HORSING ABOUT: A jockey pictured in the 1890s. The Bathurst Jockey Club had to look for a new location for its racetrack in 1895.
HORSING ABOUT: A jockey pictured in the 1890s. The Bathurst Jockey Club had to look for a new location for its racetrack in 1895.

TITLED “Horsemen, past and present”, this Bathurst District Historical Society image shows a young jockey, complete with riding whip and cap, with several other men in the 1890s.

The photo is a very casual one, as not all the men are even facing the camera. While it is understood that there are people by the name of Yeomans in the photo, we are not aware of any others.   

It is known that a J. Yeomans and a Bertram William Yeomans, as well as David Byrne, were jockeys in Bathurst in the 1890s and part of the Bathurst Jockey Club. Joseph Burton was one of the trainers in Bathurst. 

In August 1895, the Bathurst Jockey Club met in the Royal Hotel in William Street to hear the results of a deputation to the New South Wales Minister of Agriculture concerning the resumption of the land that was then the location of the club’s racetrack. 

The land had originally been given to the club under the local trusteeship of William Kite, the late John McPhillamy and John Declouet. The meeting decided to look for a new site and decided that a committee be formed, to include a surveyor, to visit locations that may be suitable.

As one of the trustees, William Kite had agreed to lend between £1200 and £1500 to add certain improvements. He had drawn cheques on his account at the Commercial Bank in Bathurst to have a grandstand constructed, the track fencing built and to effect other improvements. Later, the name was changed to the Bathurst Turf Club.

The track that had been used for racing underwent some changes late in 1849, under the supervision of Mr Lawson. 

The first day of racing took place on Wednesday, February 27, 1850. The event was for the Town Plate, with a prize of £50. Several heats took place on the day. 

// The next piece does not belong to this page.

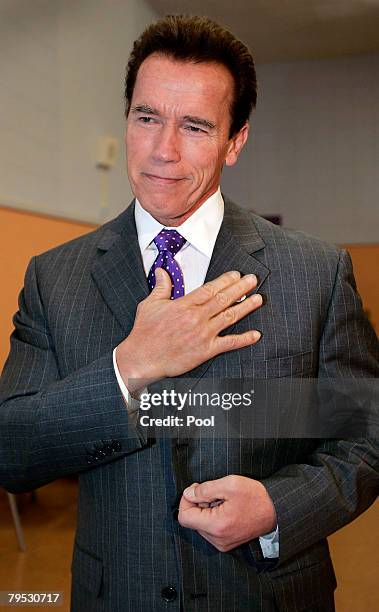 Governor Arnold Schwarzenegger applies his "I voted" sticker at Kenter Canyon Charter Elementary School February 5, 2008 in Los Angeles, California....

It was for all horses and weight for age. The race meet, although well-attended, was not so striking in the numbers of horses when compared with previous occasions. 

Still, there was a good muster of the right sort. Tolerably heavy books were made up and by-betting was brisk. The distance round the course was two miles and 481 yards and the time taken was around four minutes, 37 seconds.

The second race was the Maiden Plate for £20. It was for horses that had never won an advertised prize above £10 and was over one mile, 240 yards. 

The winner of the first heat, with five horses in the race, took two minutes, 22 seconds. 

The third race was the Galloway race for £20, with a sweepstakes added. It was for all horses 14 hands high and under weights seven stone and seven pounds.

Racing continued the following day, Thursday, February 28. The first race was a Hack Hurdle of £15, with a sweepstakes of 20 shillings, with all horses carrying ten stone over two miles and 480 yards. There were also six jumps of three feet, six inches. 

The horses taking part included Picton, Welcome and Dandy. Horse owners were mainly wealthy local landowners, along with hotel and inn owners. Four races were held on this day, with racegoers returning on the Saturday for another four races.

On March 17, 1857, just seven years later, Sydney’s Empire newspaper was not impressed with horse racing in Bathurst. 

The paper noted that it was a remarkable fact that although horse racing had always been a favourite pastime among Englishmen, and although horse-breeding had, almost from the first settlement of the Bathurst district, formed an important branch of industry, the former, so far as Bathurst was concerned, was fast sinking beneath contempt. 

There was a poverty of spirit about the thing, an utter absence of effort among local breeders, and a miserable display of horseflesh, when compared with the olden times of the turf in this district, the Empire said.

It made every dispassionate observer feel that the Bathurst Jockey Club was called into existence to self-destruct, the paper said.